From the entries below, reproduce exactly the lines from the one with "3002 Hwy 27 - Photo 8" through the one with "4 Ik heb geen", both included, without images.

[DATA EXTRACT]

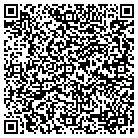 QR code with Perfect Shape Threading contacts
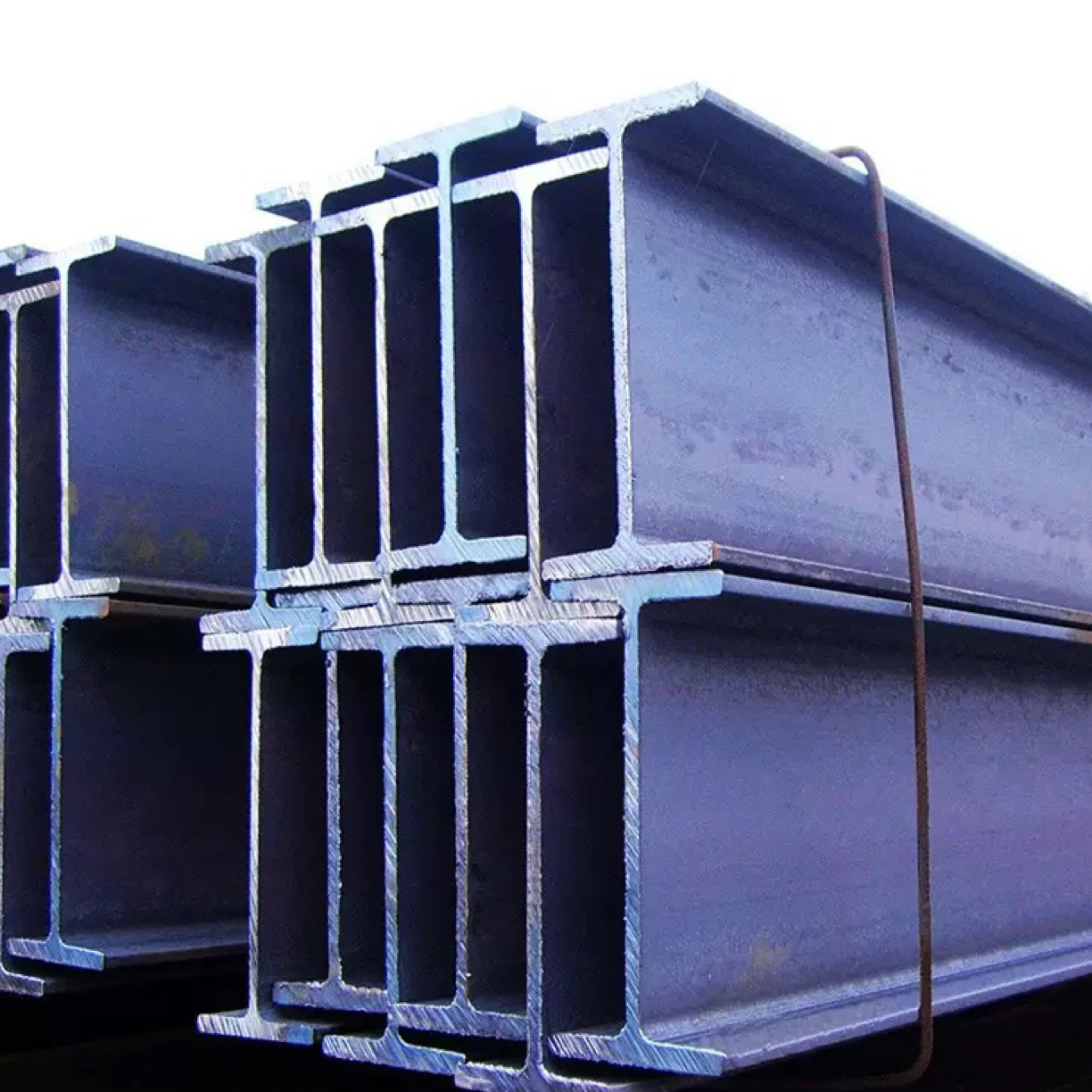 厨房厨具定制钢材pp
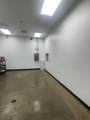 3002 Hwy 27 - Photo 8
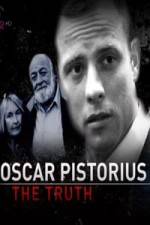 Watch Oscar Pistorius The Truth 9movies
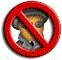 SUPERAntiSpyware 5.7.1018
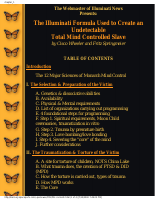 The_Illuminati_Formula_Used_to_Create_an_Undetectable_Total_Mind.pdf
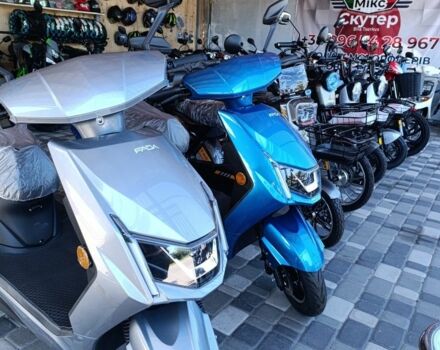 Kovi Другая, объемом двигателя 0.3 л и пробегом 0 тыс. км за 2317 $, фото 16 на Automoto.ua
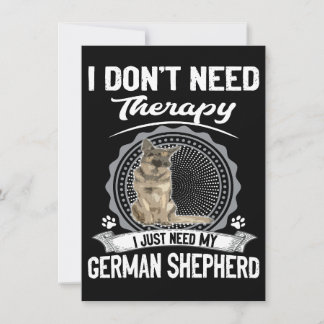 4 Ik heb geen therapie nodig, ik heb gewoon mijn D Kaart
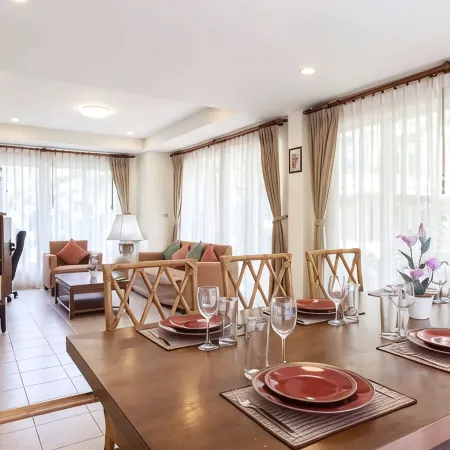 Villa21Chaam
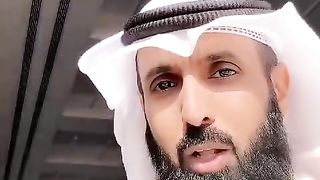 فقه 2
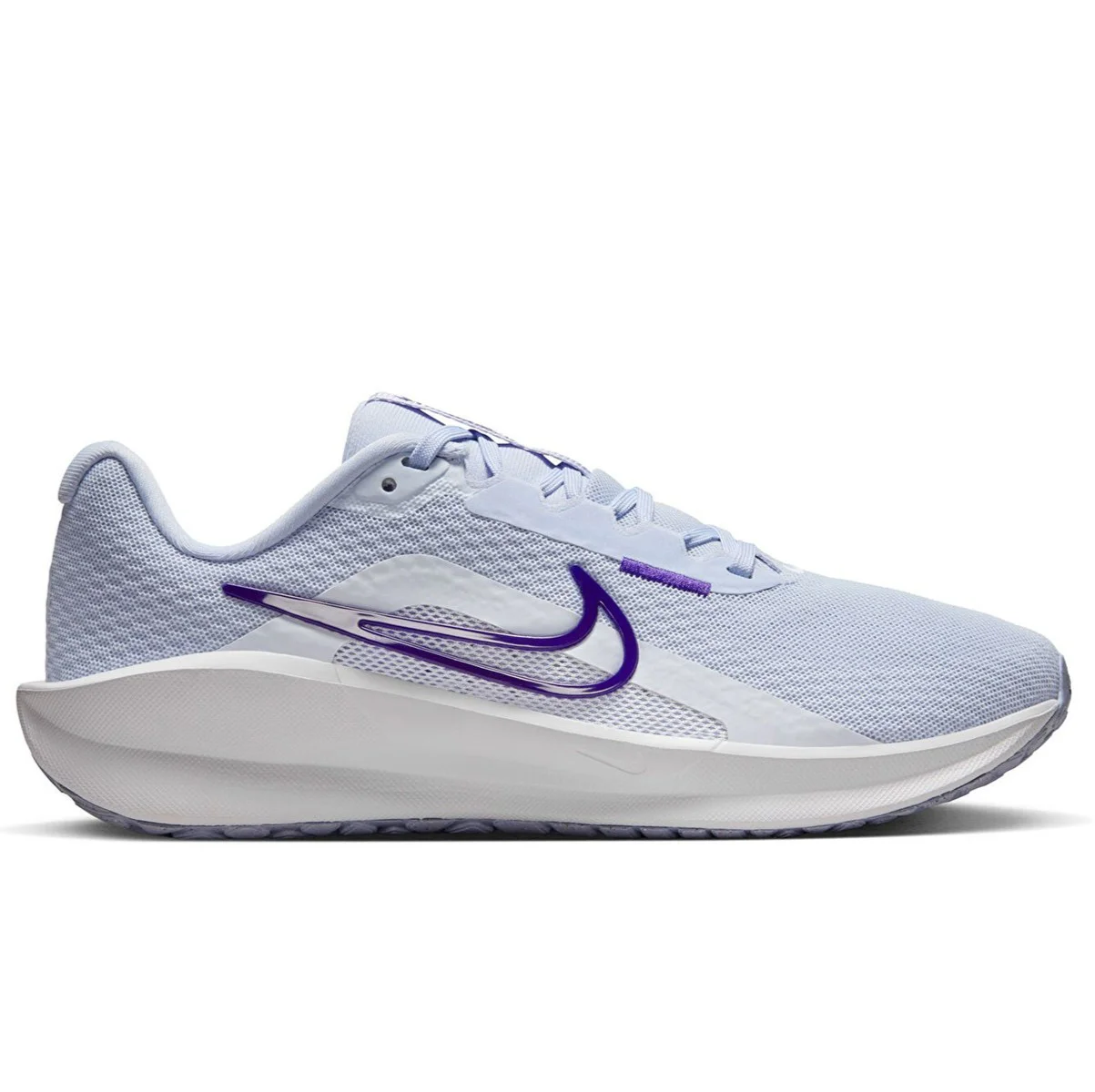 Nike Downshifter 13 Womens Run Walking Shoes Kadın Yürüyüş Koşu Ayakkabısı Mavi Nike Downshifter 13 Womens Run Walking Shoes Kadın Yürüyüş Koşu Ayakkabısı Mavi Fiyatı, Yorumları ve Özellikleri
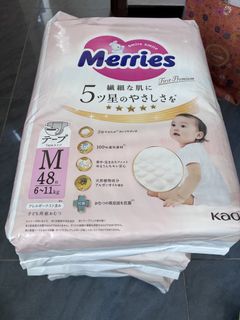 （分類：）位於 。 由 selloldthings1996 提交（商品編號 1454635452，圖片 1）。簡介： 。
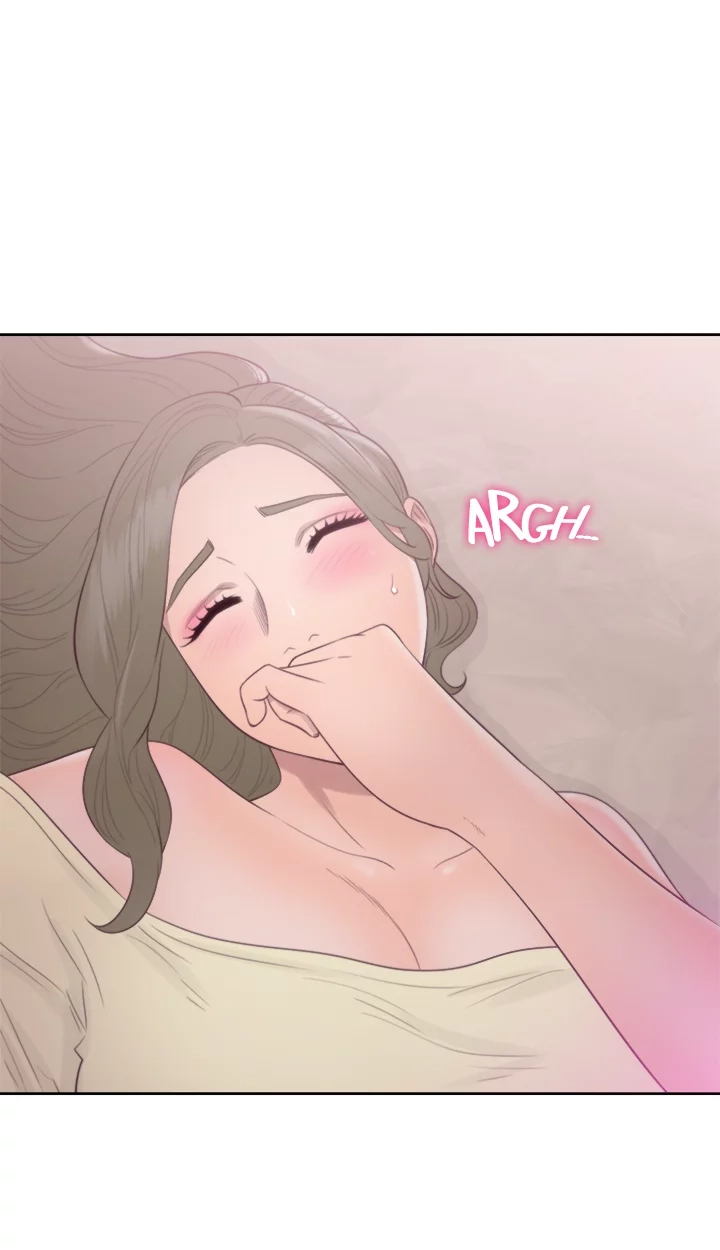 Read Lust Awakening chapter 44 image 67 on Lezhin
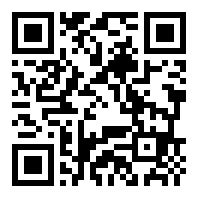 Venombet272 Bahis - Venombet - Venombet 272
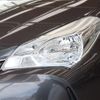 toyota vitz 2020 -TOYOTA--Vitz DBA-KSP130--KSP130-4030874---TOYOTA--Vitz DBA-KSP130--KSP130-4030874- image 28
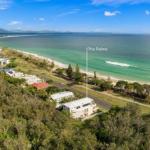 The Palms 2 At Clarkes Beach - Accommodation Ballina 0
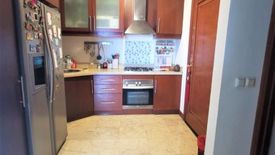 Apartemen dijual dengan 2 kamar tidur di Bangka, Jakarta
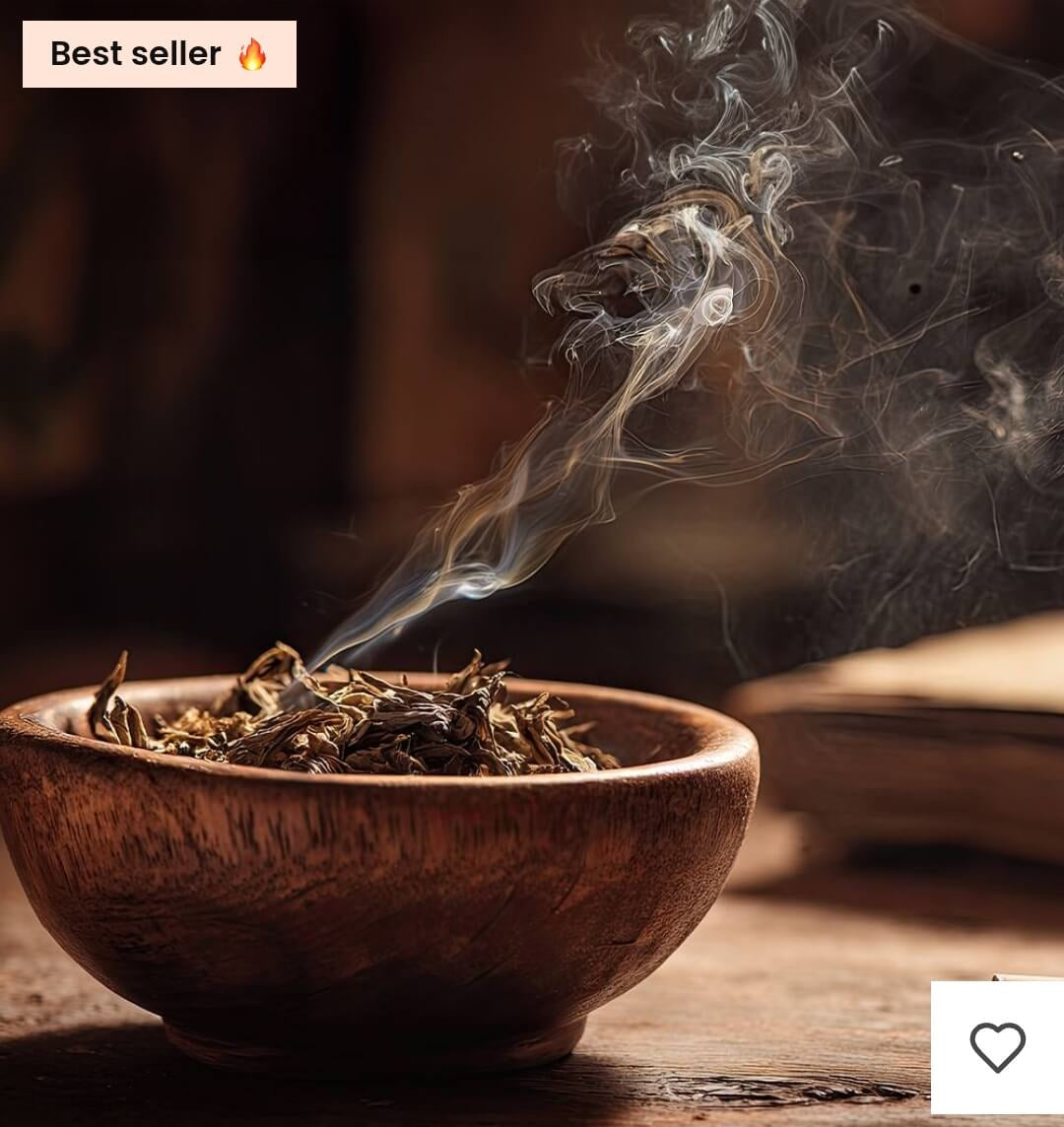 Premièrement : Les parfums Chogan homme offrent une combinaison parfaite d’élégance raffinée et de séduction intemporelle.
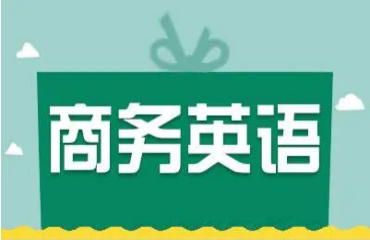 国内线上商务英语辅导机构10大排名推荐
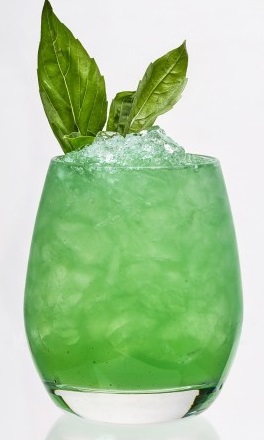 Файл:Melon Smash (коктейль).jpg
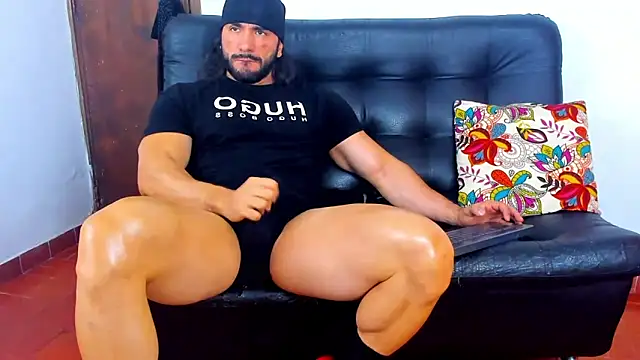 AlfredWalker online show from 12.31.24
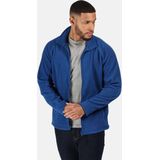 Fleece Heren Voor Hiking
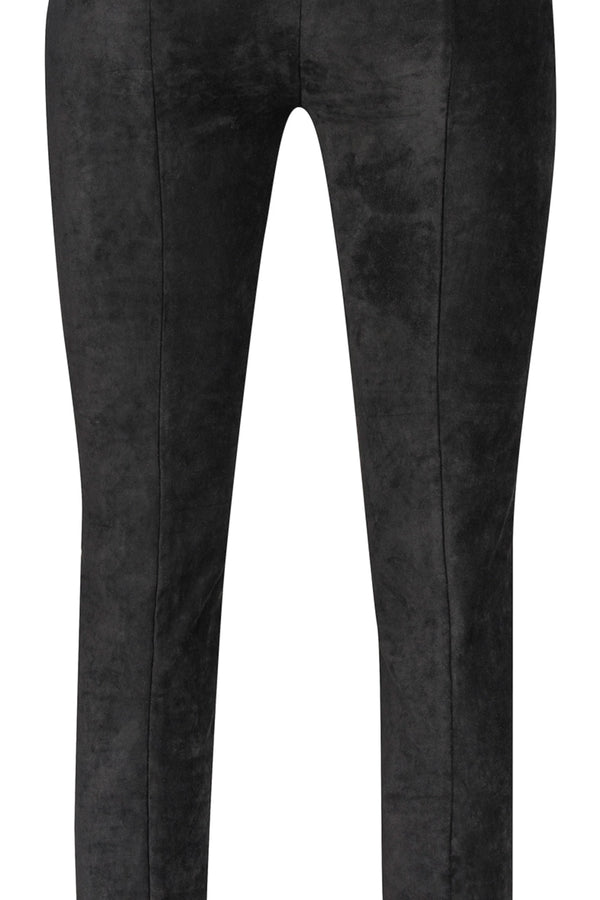 Robbe & Berking ROBELL ROSE HOSEN SCHWARZ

[/DATA EXTRACT]

■ **PROBLEM SOLUTION**
 3002 Hwy 27 - Photo 8
 Watch Oscar Pistorius The Truth 9movies
 SUPERAntiSpyware 5.7.1018
 The_Illuminati_Formula_Used_to_Create_an_Undetectable_Total_Mind.pdf
 Kovi Другая, объемом двигателя 0.3 л и пробегом 0 тыс. км за 2317 $, фото 16 на Automoto.ua
 4 Ik heb geen therapie nodig, ik heb gewoon mijn D Kaart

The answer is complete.